A compra de uma empresa está longe de ser uma ciência exata. É da natureza humana: quem vende sempre acha que seu negócio vale mais do que o comprador está disposto a pagar. Para chegar a um preço que agrade aos dois lados, uma infinidade de variáveis entra na conta — desde dívida e geração de caixa até o potencial de expansão do negócio com os novos donos.
Só mesmo o tempo pode mostrar se o preço pago foi alto ou baixo. Em outubro de 2012, quando a United Health, maior operadora de saúde dos Estados Unidos, assinou um cheque de 10 bilhões de reais para comprar a Amil, líder do mercado brasileiro, o preço pareceu salgado — pelo menos levando-se em conta critérios como faturamento, lucro e dívida da Amil.

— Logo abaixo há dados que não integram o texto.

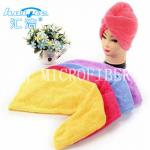 Colorful Microfiber Coral Fleece Hair Turban Hair Drying Cloth Super Absorption for sale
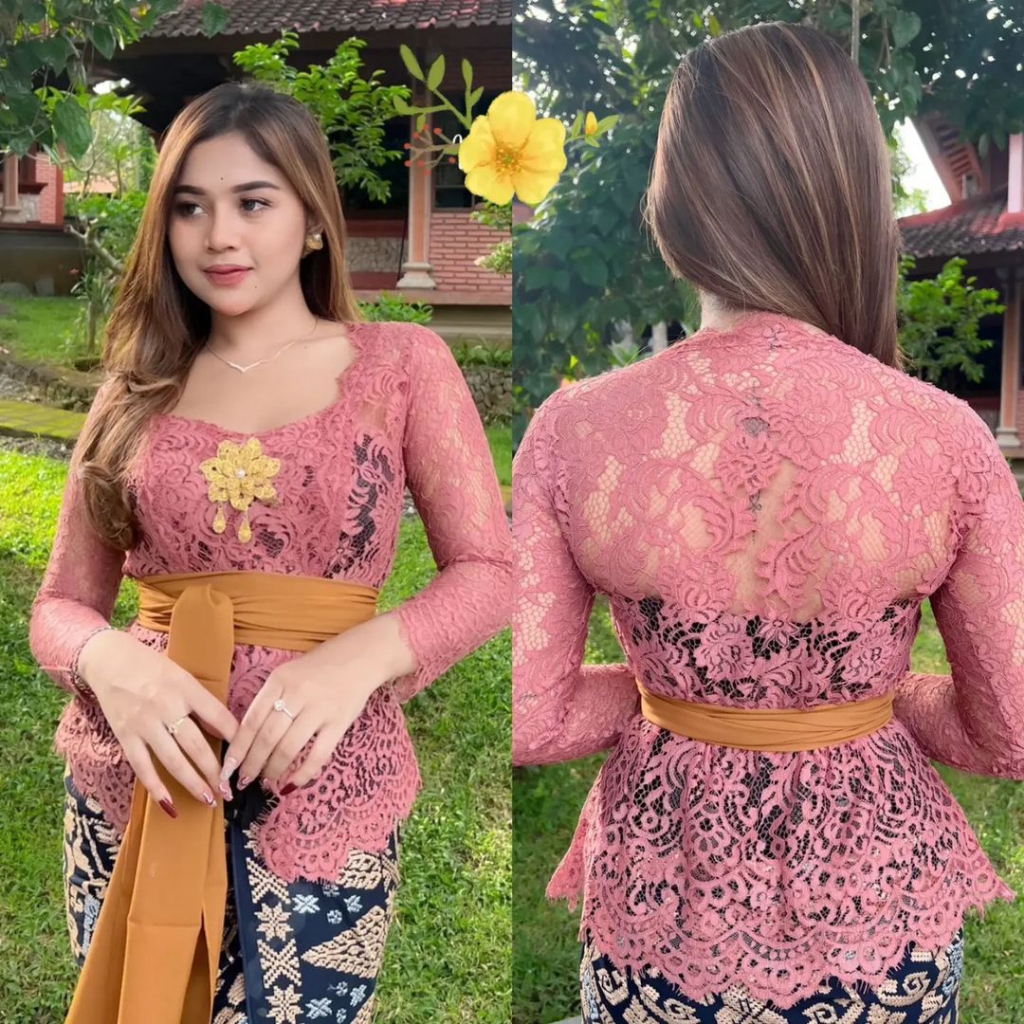 Kebaya Kutubaru Burkat KARTINI JAMAN DULU/Pakaian Tradisional/Baju Atasan Ibu Ibu Model Kebaya Kutub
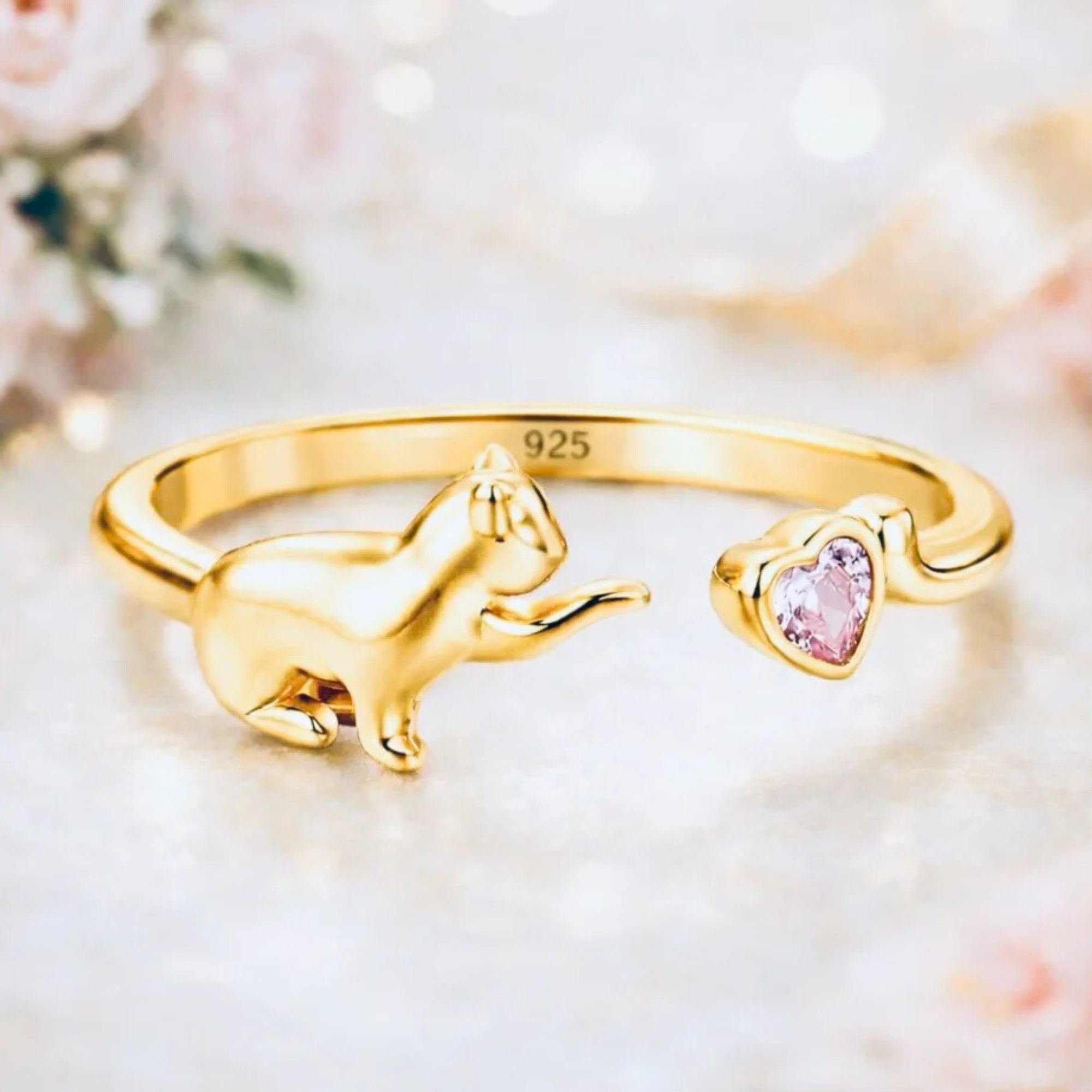 Forever Feline Heart Ring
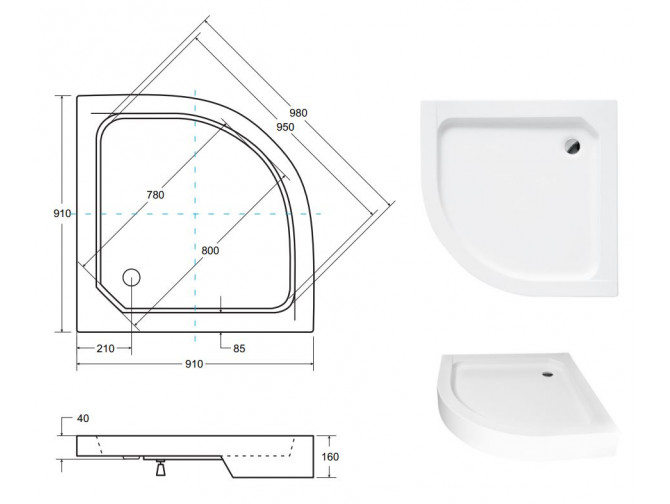 Duschwanne Halbrund Alexo 90x90 |...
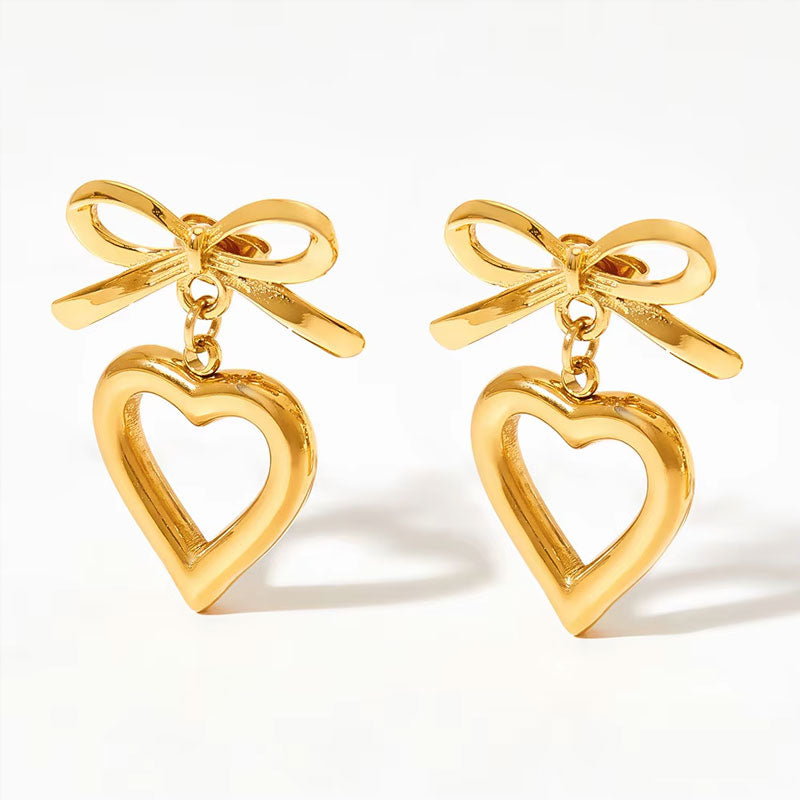 Sweet Girl Hollow Bow Heart Earrings Fashion Jewelry 2025 Girl Stainless Steel Heart Shaped Pendant Earrings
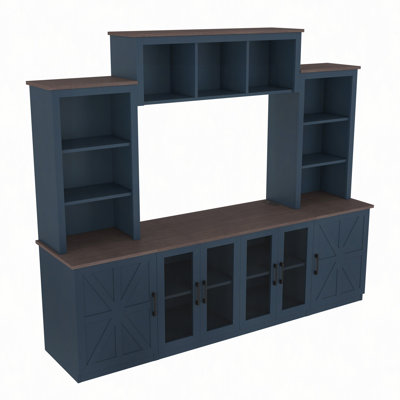 Meuble audio-vidéo mural avec station de charge et charge USB pour téléviseurs, meuble télé avec grand meuble de rangement, meuble télé moderne avec meuble télé avec armoires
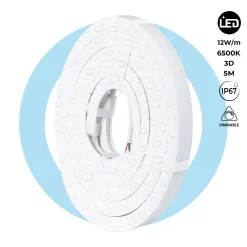 Neón LED flexible 3D  24V DC - 16x16mm - 5 metros - Kit completo - 12W/m - IP67 - Curvatura vertical y horizontal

Mas como os americanos eram reconhecidos pela rigorosa gestão de custos e pela aplicação de tecnologia de ponta na saúde, imaginava-se que eles mostrariam logo ao mercado que todos aqueles bilhões haviam valido a pena. Mas, passados três anos, o preço pago parece mais salgado do que nunca.
A empresa que os americanos compraram do médico Edson de Godoy Bueno era líder do mercado de planos de saúde no Brasil e fechava seu balanço no azul. De lá para cá, começou a perder dinheiro. Em 2014, teve prejuízo de 259 milhões de reais. O faturamento cresceu 64% em dois anos, para 15 bilhões de reais, mas não o suficiente para compensar a disparada nos custos dos serviços.
As despesas médicas e hospitalares, por exemplo, passaram de 6,9 bilhões para 12,3 bilhões de 2012 a 2014. No início de 2015, a Amil perdeu a liderança no mercado de planos de saúde para a Bradesco Saúde — são 4 milhões de clientes de um lado e 4,4 milhões de outro. Em qualquer aquisição, leva tempo até os novos controladores entenderem o negócio e começar a deixar sua marca.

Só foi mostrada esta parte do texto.